*** RECORDS FOR THIS EXERCISE Section Begins ***
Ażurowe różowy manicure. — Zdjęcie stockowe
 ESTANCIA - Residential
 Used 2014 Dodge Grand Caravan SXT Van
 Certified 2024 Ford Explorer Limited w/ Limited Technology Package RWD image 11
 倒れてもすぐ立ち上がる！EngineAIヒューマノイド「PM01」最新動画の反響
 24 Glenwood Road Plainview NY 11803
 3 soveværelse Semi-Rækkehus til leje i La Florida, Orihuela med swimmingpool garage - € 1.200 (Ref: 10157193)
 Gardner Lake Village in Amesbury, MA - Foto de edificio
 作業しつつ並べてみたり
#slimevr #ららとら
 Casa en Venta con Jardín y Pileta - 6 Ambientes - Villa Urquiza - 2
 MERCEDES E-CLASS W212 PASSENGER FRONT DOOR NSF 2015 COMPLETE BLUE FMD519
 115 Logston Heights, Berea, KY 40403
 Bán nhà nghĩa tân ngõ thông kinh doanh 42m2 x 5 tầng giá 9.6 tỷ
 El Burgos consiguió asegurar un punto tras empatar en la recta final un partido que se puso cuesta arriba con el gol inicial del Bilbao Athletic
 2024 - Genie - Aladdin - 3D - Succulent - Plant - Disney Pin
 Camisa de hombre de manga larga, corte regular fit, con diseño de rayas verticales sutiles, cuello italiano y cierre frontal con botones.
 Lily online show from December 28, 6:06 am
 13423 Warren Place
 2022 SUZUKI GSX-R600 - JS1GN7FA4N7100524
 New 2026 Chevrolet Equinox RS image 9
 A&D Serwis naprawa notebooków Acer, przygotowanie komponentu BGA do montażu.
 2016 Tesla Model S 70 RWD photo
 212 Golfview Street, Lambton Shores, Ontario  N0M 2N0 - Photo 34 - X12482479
*** RECORDS FOR THIS EXERCISE Section Ends ***
Copy out exactly the lines running from the line with "El Burgos consiguió" to the end of the records, inclusive.

 El Burgos consiguió asegurar un punto tras empatar en la recta final un partido que se puso cuesta arriba con el gol inicial del Bilbao Athletic
 2024 - Genie - Aladdin - 3D - Succulent - Plant - Disney Pin
 Camisa de hombre de manga larga, corte regular fit, con diseño de rayas verticales sutiles, cuello italiano y cierre frontal con botones.
 Lily online show from December 28, 6:06 am
 13423 Warren Place
 2022 SUZUKI GSX-R600 - JS1GN7FA4N7100524
 New 2026 Chevrolet Equinox RS image 9
 A&D Serwis naprawa notebooków Acer, przygotowanie komponentu BGA do montażu.
 2016 Tesla Model S 70 RWD photo
 212 Golfview Street, Lambton Shores, Ontario  N0M 2N0 - Photo 34 - X12482479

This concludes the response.